(RECORDS SUPPLIED Opens)

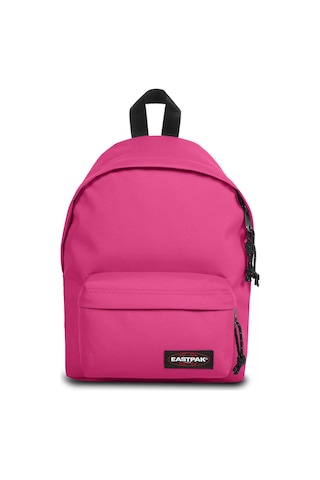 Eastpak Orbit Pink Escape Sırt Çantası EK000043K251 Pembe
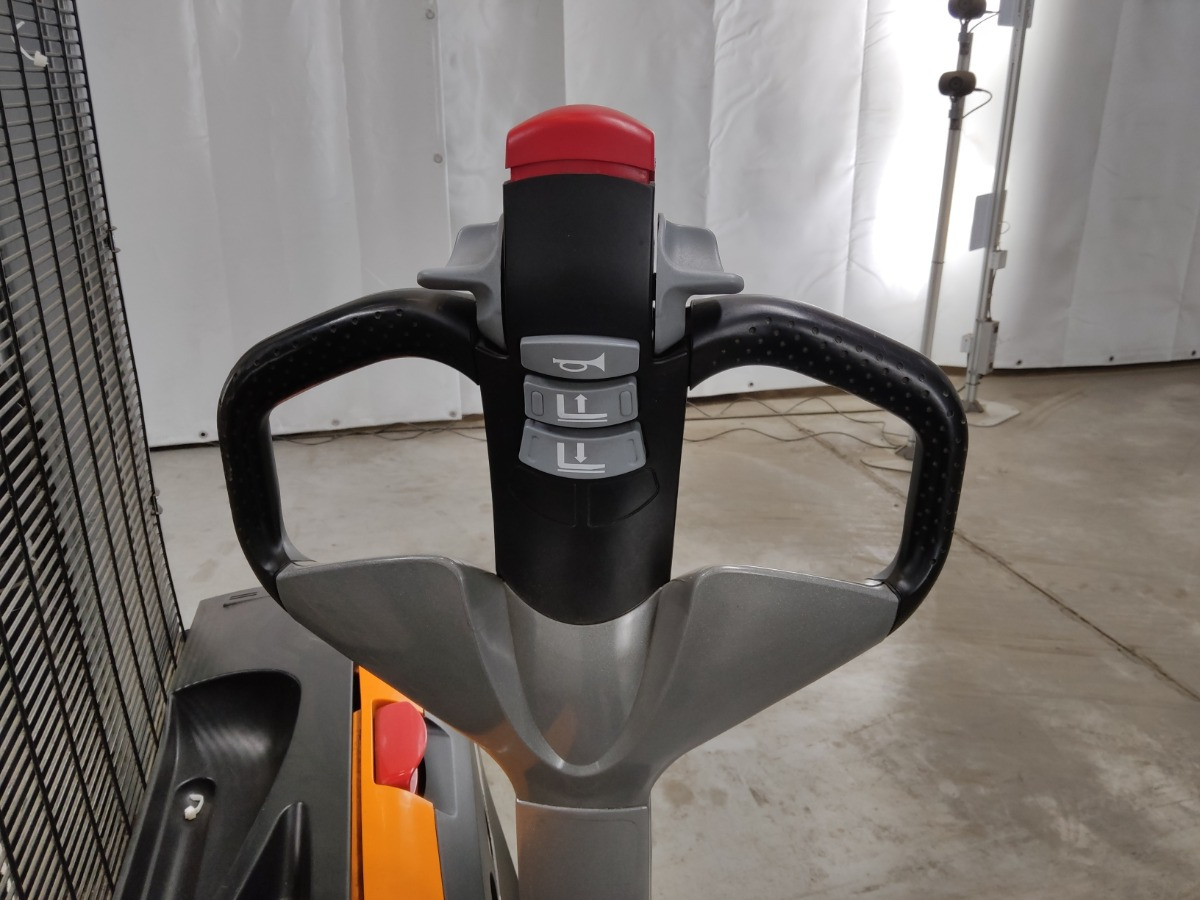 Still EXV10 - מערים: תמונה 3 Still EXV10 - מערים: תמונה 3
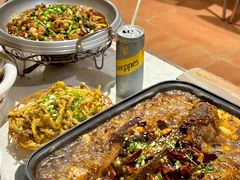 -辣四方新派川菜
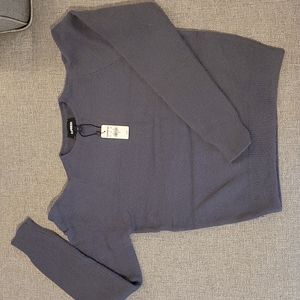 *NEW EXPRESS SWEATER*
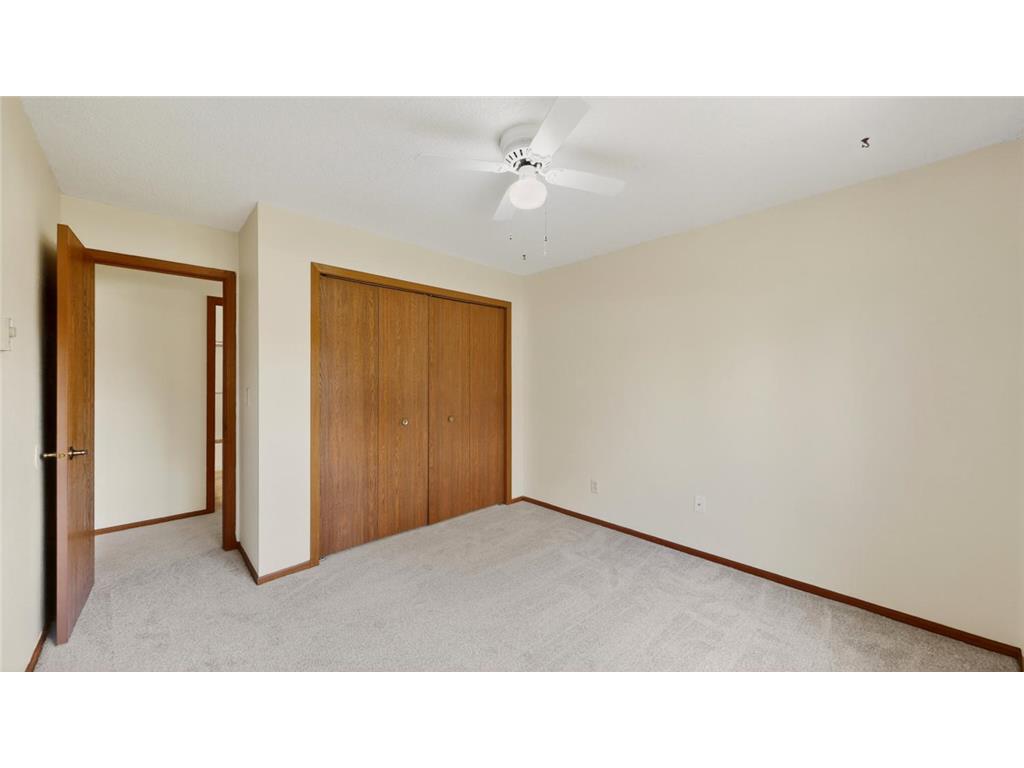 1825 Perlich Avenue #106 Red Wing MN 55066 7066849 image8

(RECORDS SUPPLIED Closes)

**WHAT TO WORK ON**
Output everything in the material exactly. Pictures stay out of it.

**EXERCISE ANSWER**
 Eastpak Orbit Pink Escape Sırt Çantası EK000043K251 Pembe
 Still EXV10 - מערים: תמונה 3 Still EXV10 - מערים: תמונה 3
 -辣四方新派川菜
 *NEW EXPRESS SWEATER*
 1825 Perlich Avenue #106 Red Wing MN 55066 7066849 image8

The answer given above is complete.